New amphitheater could leave neighbors with concrete slab

Sixty-four million dollars is a lot of cash, but it still won’t be enough to pay for a skate park or ice skating rink at thenew “Coney Island Center.”

Last week, this newspaper reported that 42,000 square feet of Asser Levy Seaside Park might be covered in concrete if Borough President Marty Markowitz’s dream of building a new 8,000-seat amphitheater inside the neighborhood green space at Surf Avenue and West 5th Street becomes reality.

According to plans by Grimshaw Architects, designers of the project, the concrete-covered area underneath the roof of the proposed amphitheater, could accommodate an ice skating rink, skate park or other similar type feature when removable concert seating is cleared and shows are not being produced.

This week, however, the Parks Department confirmed that the hefty $64 million price tag for the borough president’s dream amphitheater does not cover the cost of building any of those potential recreational uses.

Critics of the plan, and even members of Community Board 13, have long complained that they do not fully understand many of the particulars associated with the amphitheater’s construction.

“They are going to turn operation of the amphitheater over to a private promoter, such as Live Nation, which will charge people for events,” amphitheater critic Ida Sanoff complained. “This is what we have been saying from the very beginning: people will have to pay for most recreational uses. You’re going to have to buy a ticket.”

The Parks Department says that many recreational options are being considered in conjunction with the amphitheater’s construction, but that it is still “too premature to speculate” on what forms those activities might actually take.

“Those things will be decided in the same way that all activities in parks are decided,” Borough Hall Communications Director Laura Sinagra said. “It is a city park and will remain one, managed by the NYC Parks Department.”

A required Environmental Assessment of the project has yet to be released.
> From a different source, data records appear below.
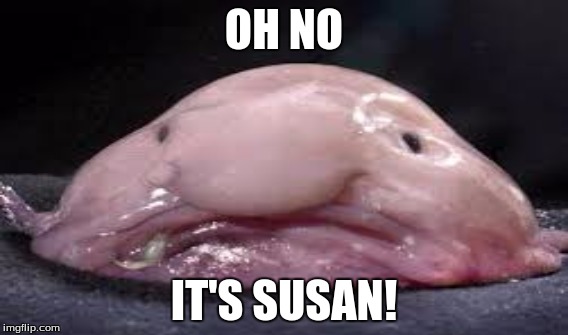 Susan | OH NO; IT'S SUSAN! | image tagged in ewwww,unhelpful teacher | made w/ Imgflip meme maker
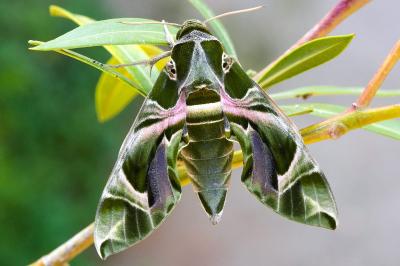 Daphnis nerii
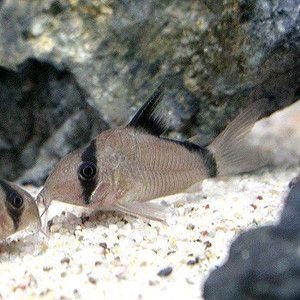 コリドラス メタエ C 076 アクアリウム ドリームシアター 通販 Yahoo ショッピング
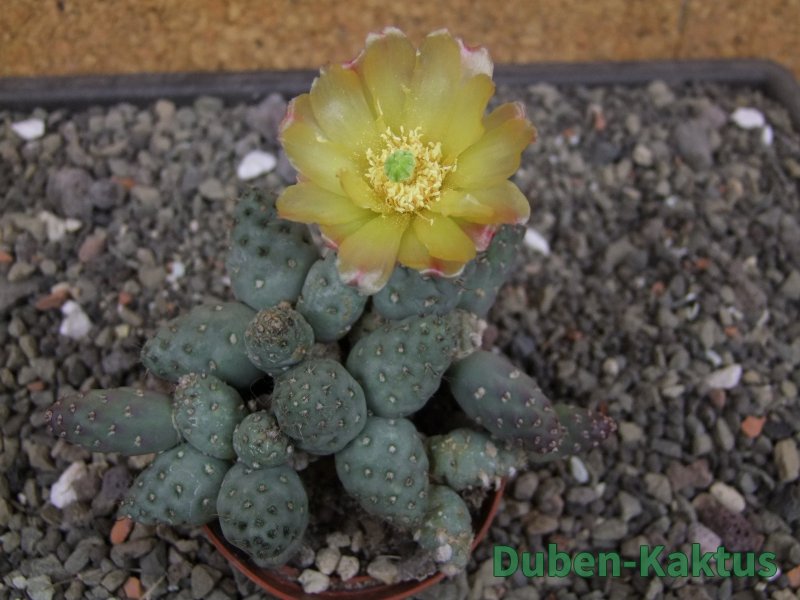 Puna mandragora, květináč 7 cm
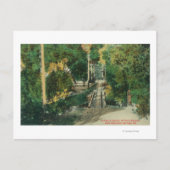 Alum Rock Park Picnic Grounds Vista Uitzicht Briefkaart (Voorkant)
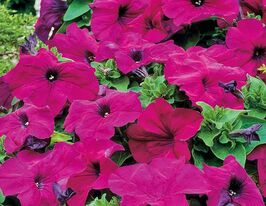 Петунія грандіфлора Лімбо F1 фіолетовакупити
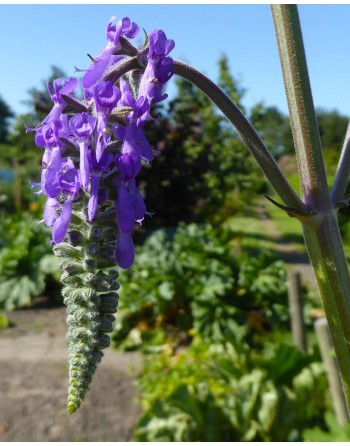 Salvia nutans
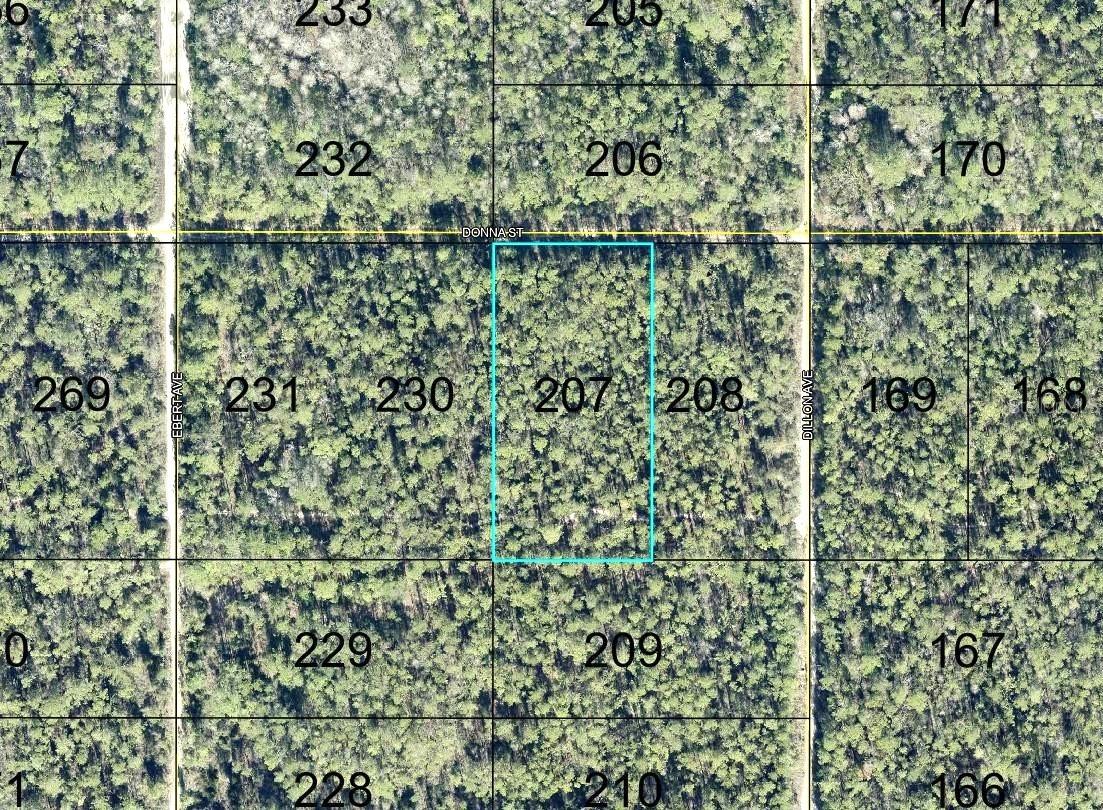207 Donna St., Hastings, FL 32145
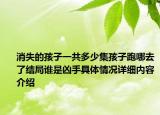 消失的孩子一共多少集孩子跑哪去了结局谁是凶手具体情况详细内容介绍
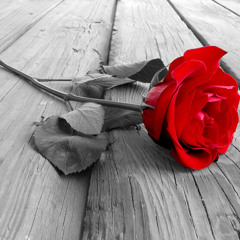 That Ole Devil Called Love (Billie Holiday/Alison Moyet Cover)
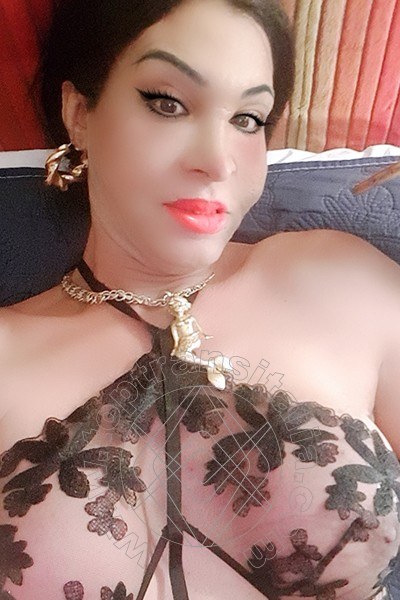 Foto selfie 58 di Rosa Xxxl transex Roma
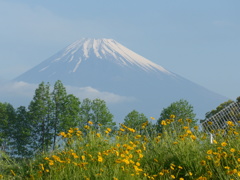 P1090325　富士山と黄色い花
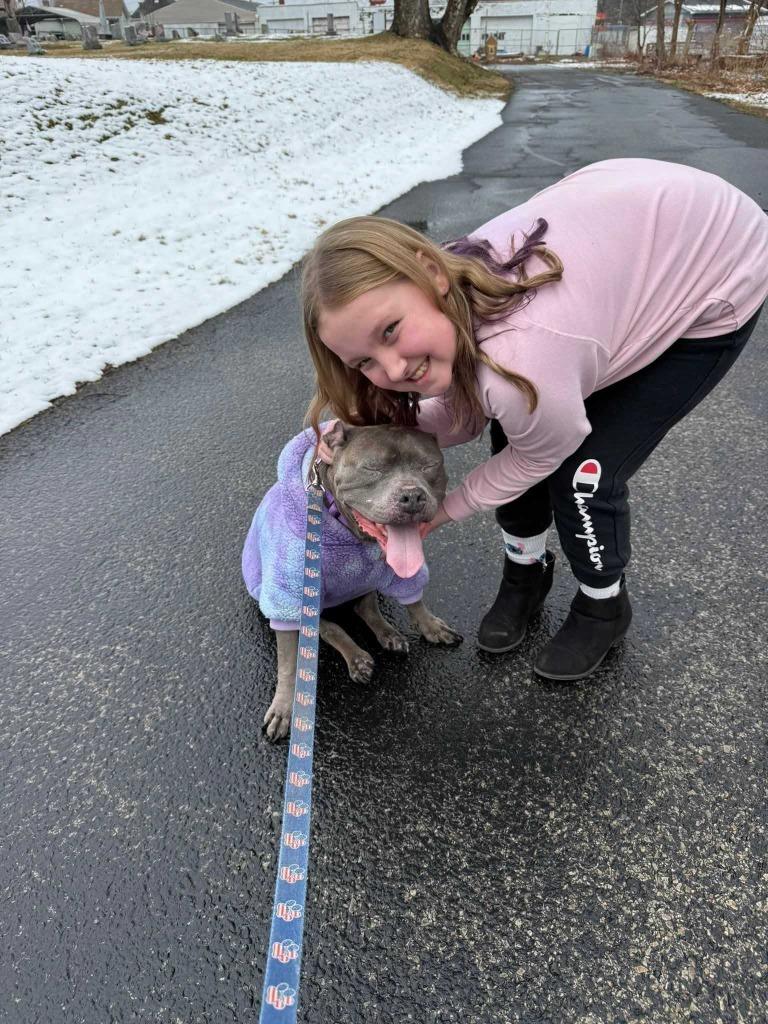 Enlarge Nola, a Adoptable Pit Bull Terrier in New Kensington, PA image 2/6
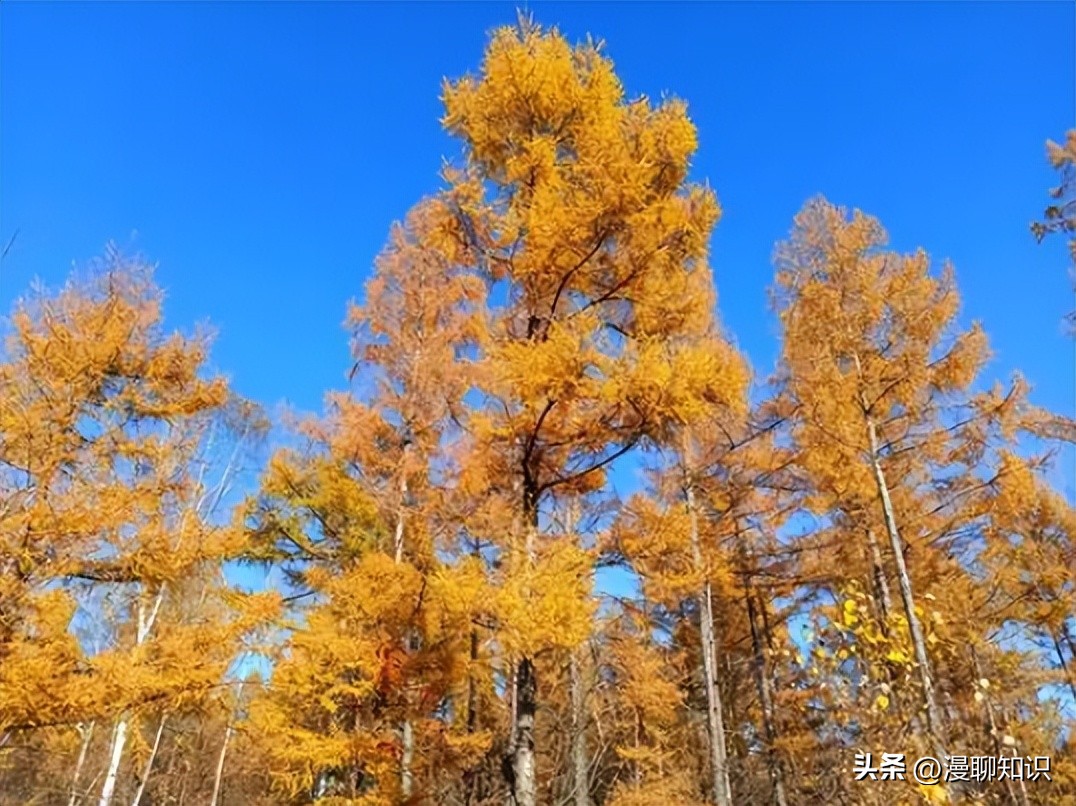 落叶松根部含二氢槲皮素功效,落叶松对人体有什么好处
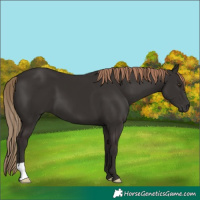 Horse Color:Liver Chestnut 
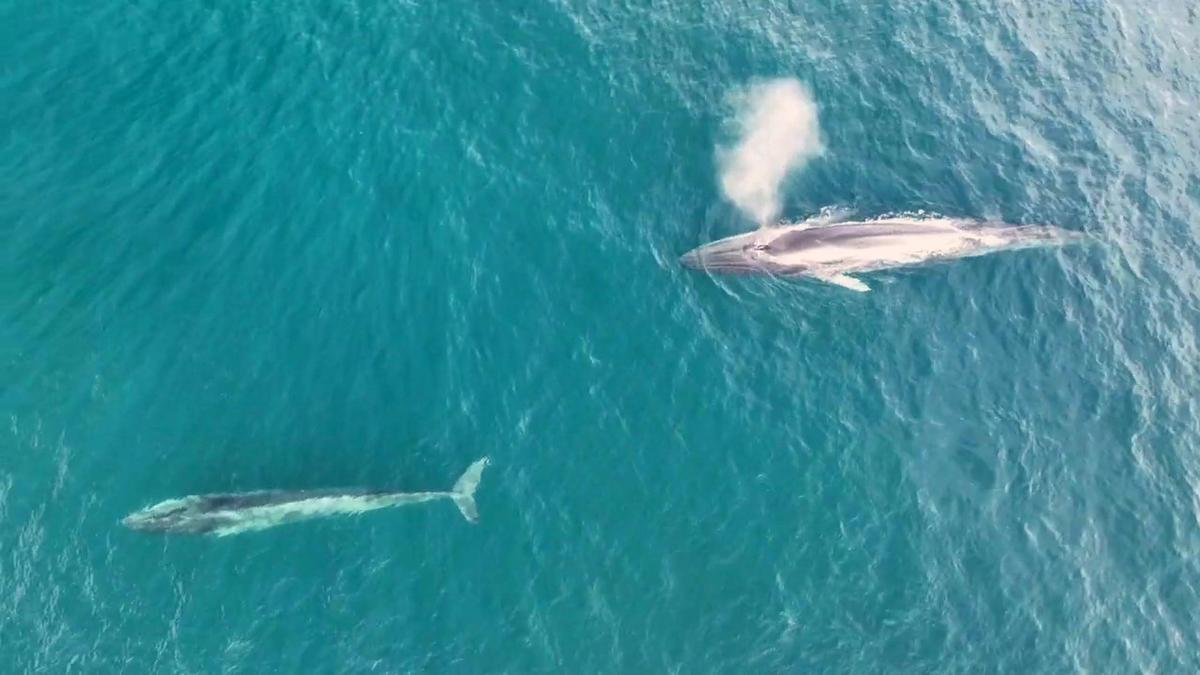 Primer albirament en sis anys d’una cria de balena a la costa del Garraf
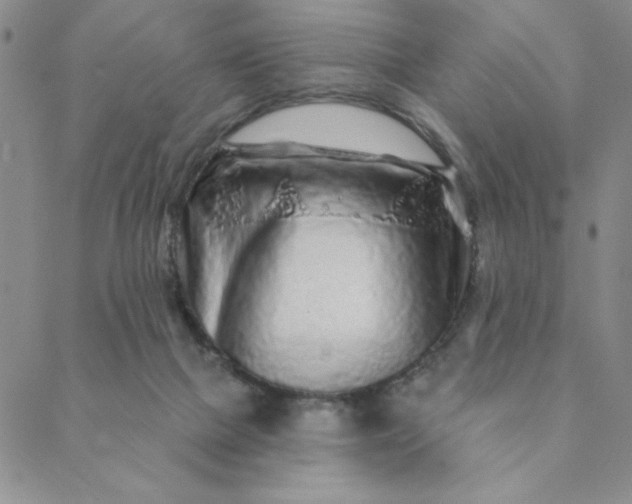 X0000088630073200706081557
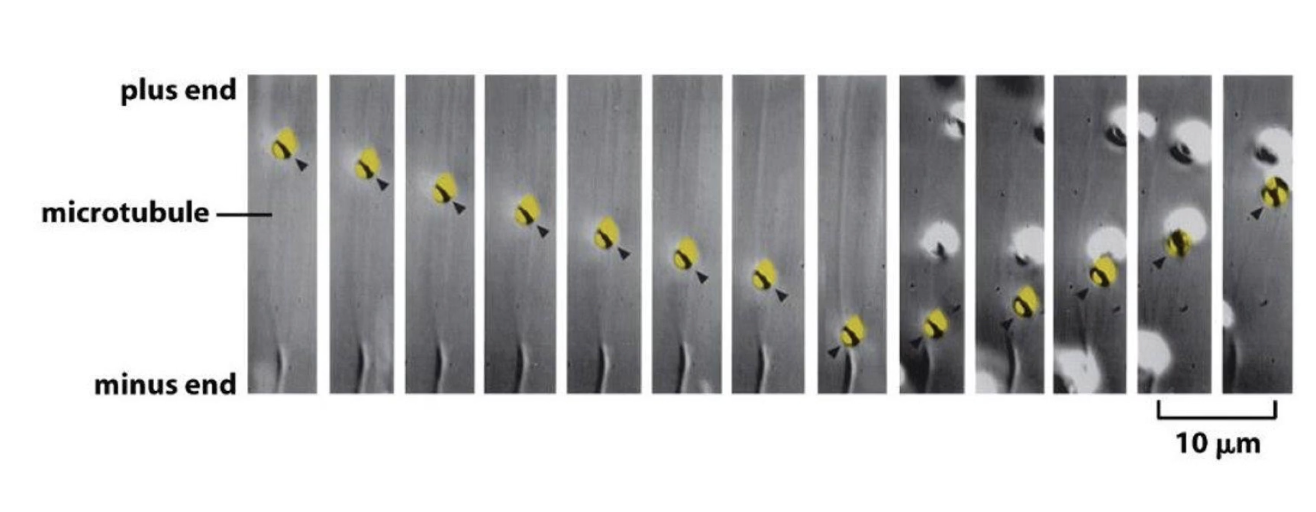 <ul><li><p>Fluorescently-labeled vesicle tracked in cell</p></li><li><p><strong>Initially</strong> moves <strong>toward minus-end</strong></p></li><li><p>In <strong>9th frame</strong>, reverses direction to move <strong>toward plus-end</strong></p></li><li><p>Shows dynamic, bidirectional transport on microtubules</p></li></ul><p></p>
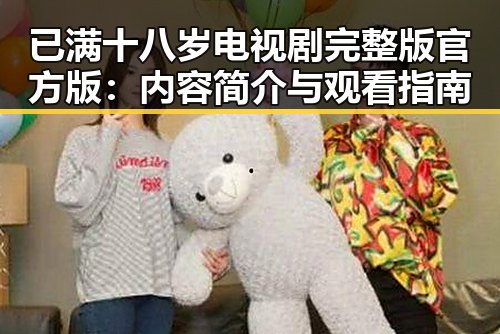 已满十八岁电视剧完整版官方版：内容简介与观看指南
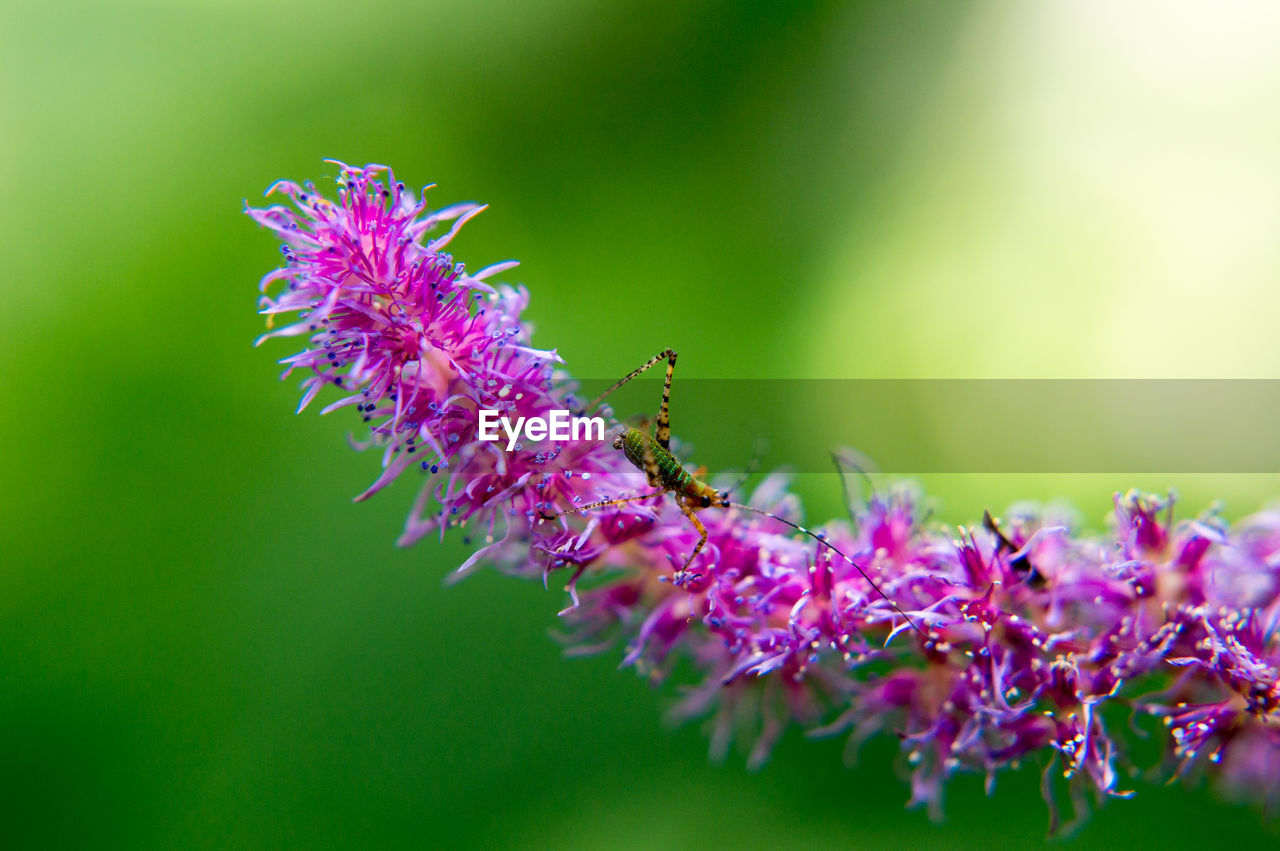 Macro shot of insect on pink flower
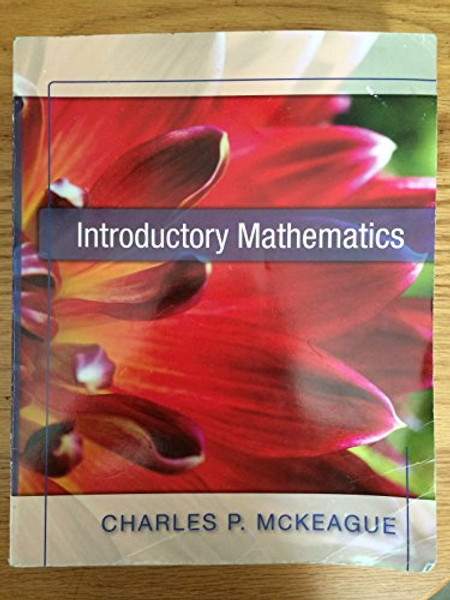 Introductory Mathematics [Paperback]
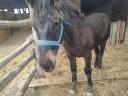 Mare foal for sale Igar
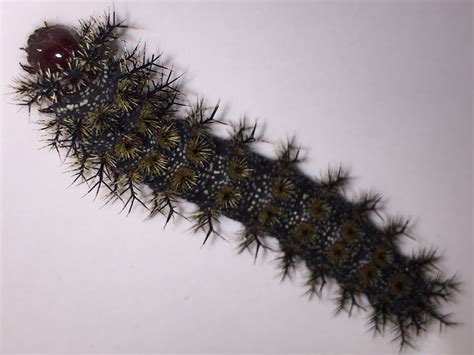 Large Caterpillars of North America | Wildlife Insight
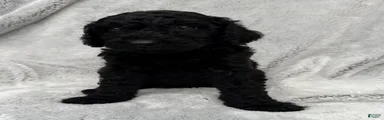 Baxter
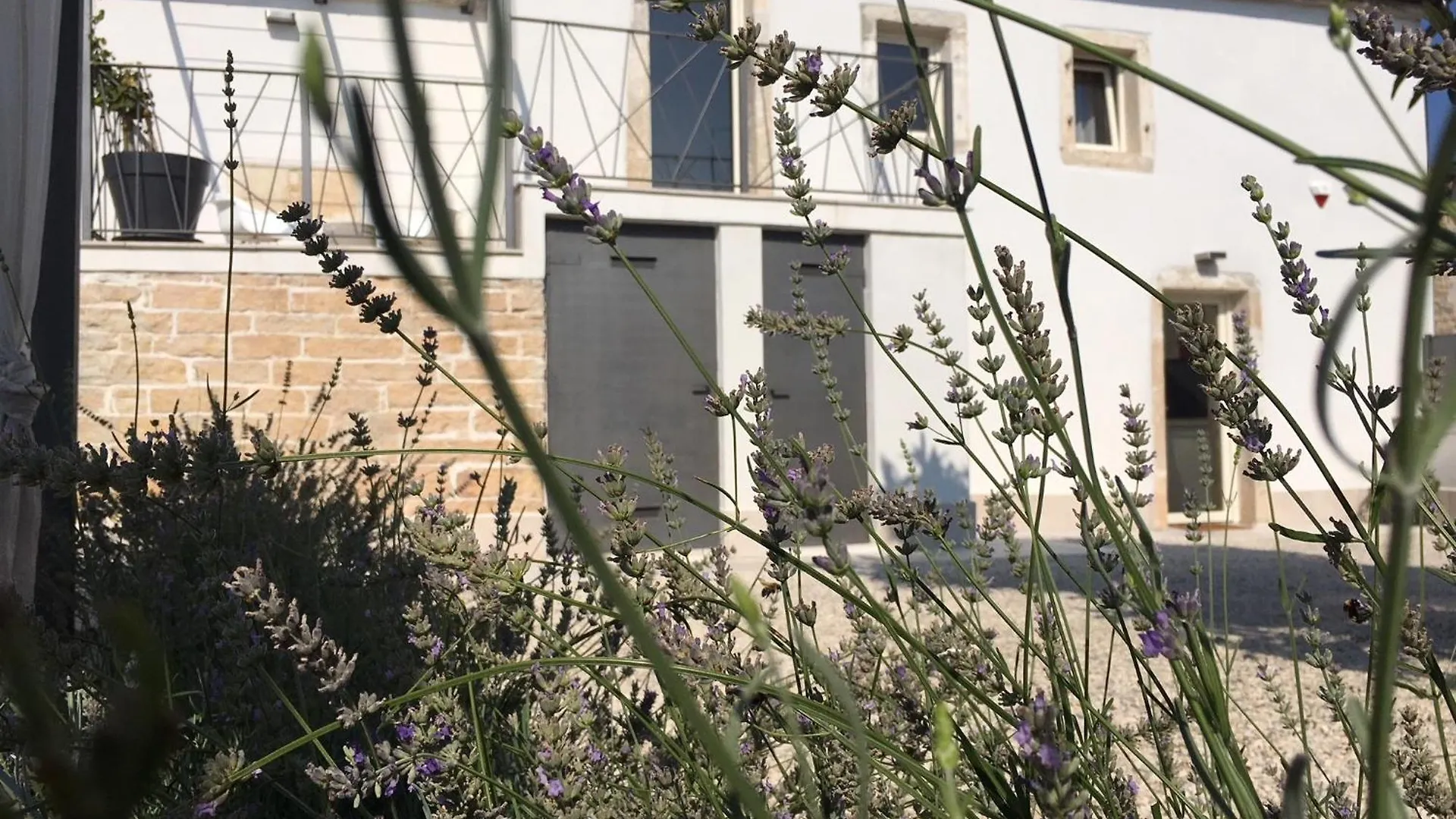 Nice Villa In Barat, Kanfanar With Outdoor Swimming Pool And Wifi Kroatien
The Design Commission must also sign off on the project — but has not yet done so.

The Parks Department has already determined that the construction of the amphitheater will not be subjected to the Uniform Land Use Review Procedure [ULURP]. Programming for the new concert venue, however, could still trigger ULURP action.

Markowitz is allocating money from his capital expense budget to get the “Coney Island Center” built.

Borough Hall has traditionally used capital money to help fund things like school labs, playgrounds and art spaces.

The Mayor’s Office is allocating $10 million to the controversial project.

“The plans for Asser Levy Park will result in an enhanced, revitalized park and the new amphitheater will be a valuable part of that,” spokesperson Andrew Brent said.

Asser Levy Seaside Park’s existing bandshell currently plays host to popular summertime concerts two months out of the year in July and August.

Should the amphitheater be built, planners envision the concert season beginning in May and running throughout the summer.

It’s questionable, during that time, to what extent the public will have access to any recreational activities underneath the amphitheater’s roof.

While Borough Hall touts the flexibility of proposed concert seating, officials concede that the frequency to which those chairs might be cleared after shows to allow for recreational use has yet to be determined.

Similarly, Grimshaw renderings reflect no recreational use underneath the amphitheater’s roof from May to August.

“The projected costs have already doubled in two years and are only going to rise tremendously,” NYC Park Advocates President Geoffrey Croft warned. “These funds need to be spent fixing up the park instead of on this boondoggle.”